%load_ext d2lbook.tab
tab.interact_select(['mxnet', 'pytorch', 'tensorflow', 'jax'])

Automatic Differentiation⚓︎

:label:sec_autograd

Recall from :numref:sec_calculus that calculating derivatives is the crucial step in all the optimization algorithms that we will use to train deep networks. While the calculations are straightforward, working them out by hand can be tedious and error-prone, and these issues only grow as our models become more complex.

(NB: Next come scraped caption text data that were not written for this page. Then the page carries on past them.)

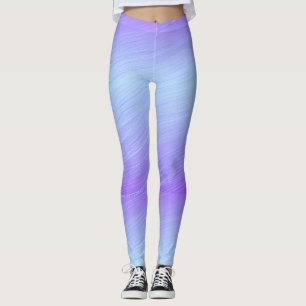 Lila och violett mönster leggings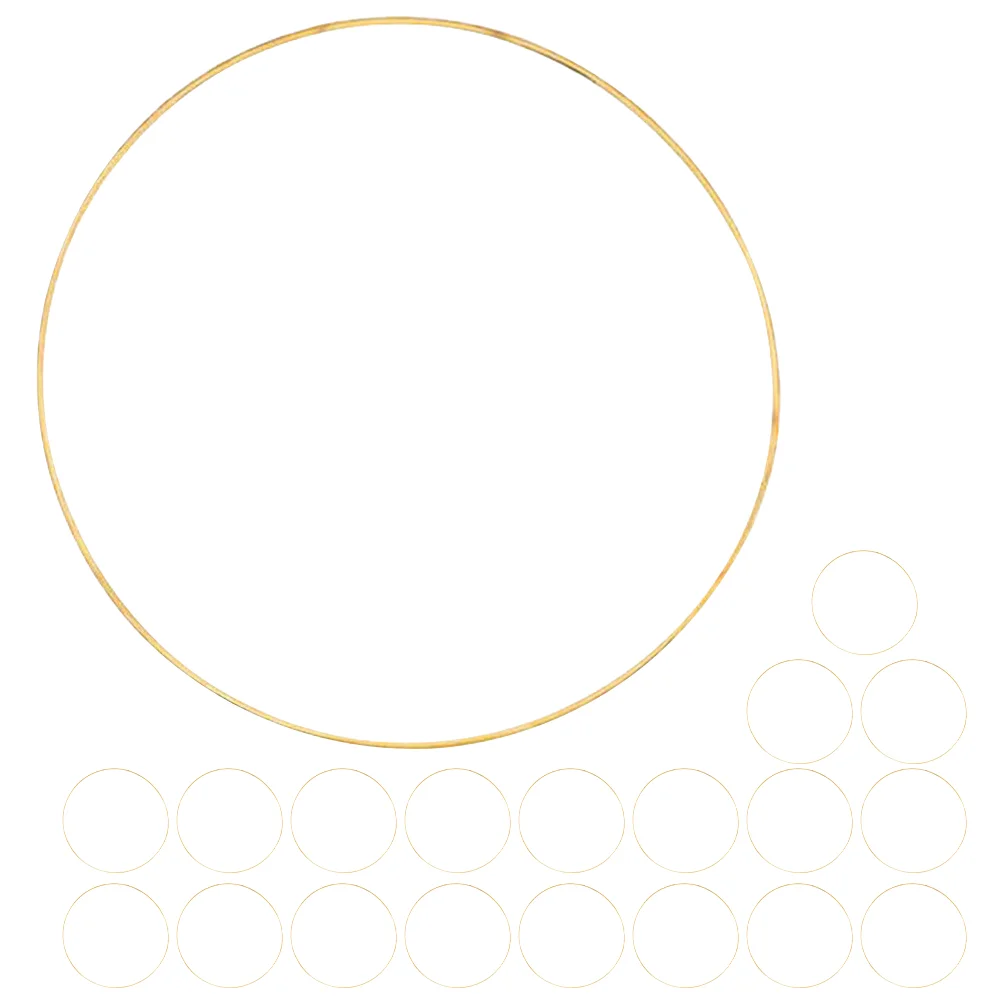 

10pcs Wreath Iron Hoops Macrame Hoops Wall Hanging DIY Crafts Dream Catcher Rings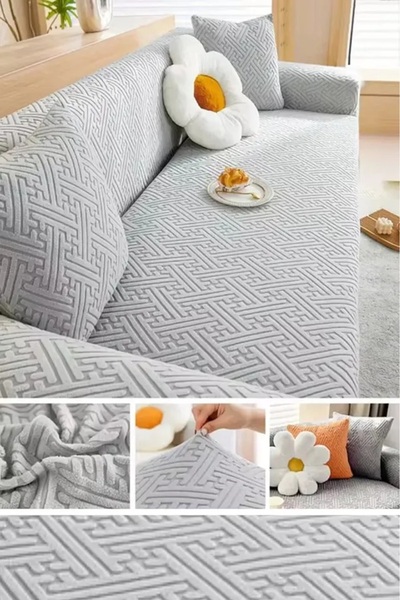 Hazineci Bey غطاء أريكة غطاء أريكة ليكرا عالي الجودة مرن لكرسي أريكة 3 مقاعد ...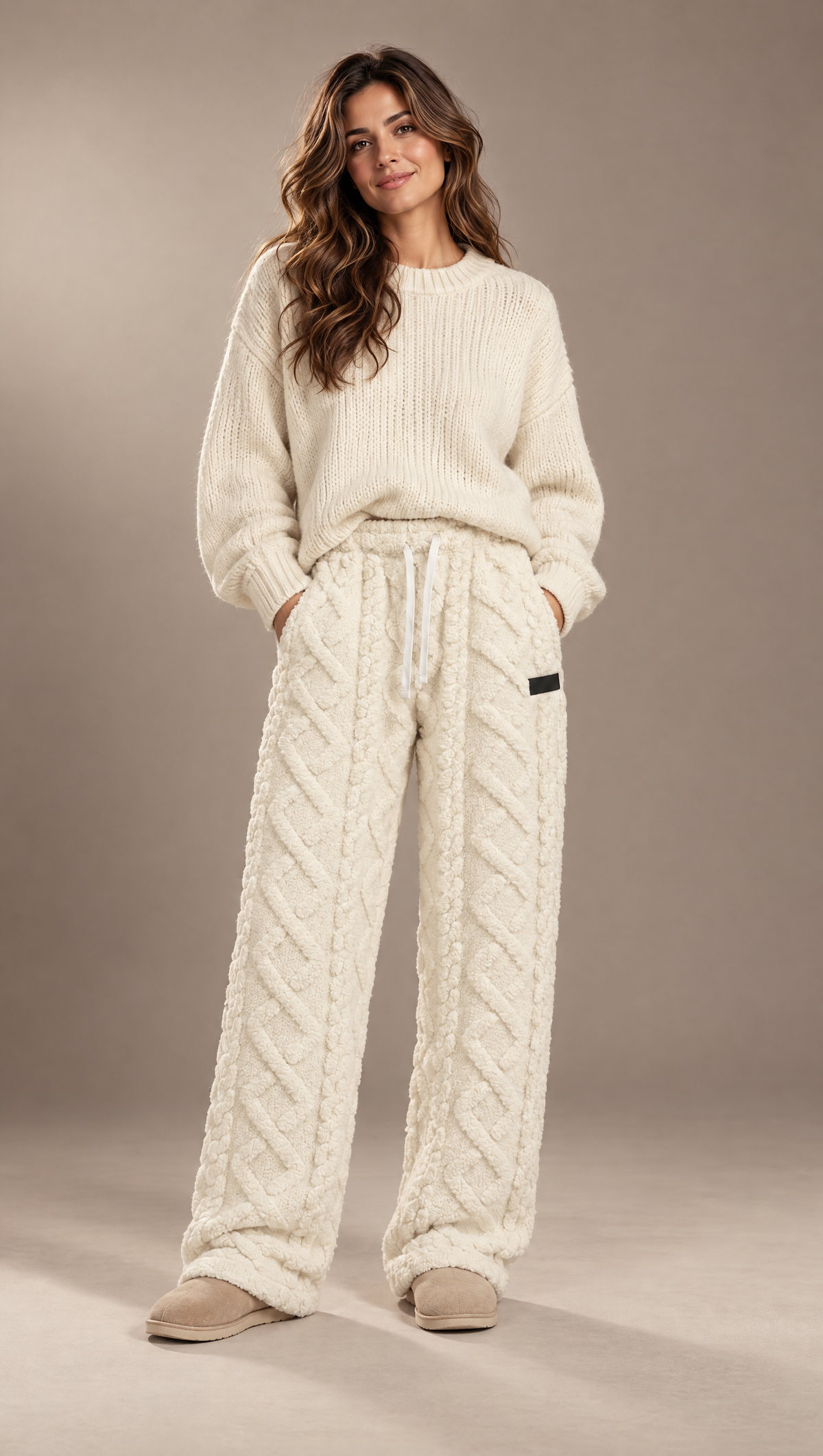 Pantalón de Casa Polar Trenzado Lia – victoriamode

Fortunately all modern deep learning frameworks take this work off our plates by offering automatic differentiation (often shortened to autograd). As we pass data through each successive function, the framework builds a computational graph that tracks how each value depends on others. To calculate derivatives, automatic differentiation works backwards through this graph applying the chain rule. The computational algorithm for applying the chain rule in this fashion is called backpropagation.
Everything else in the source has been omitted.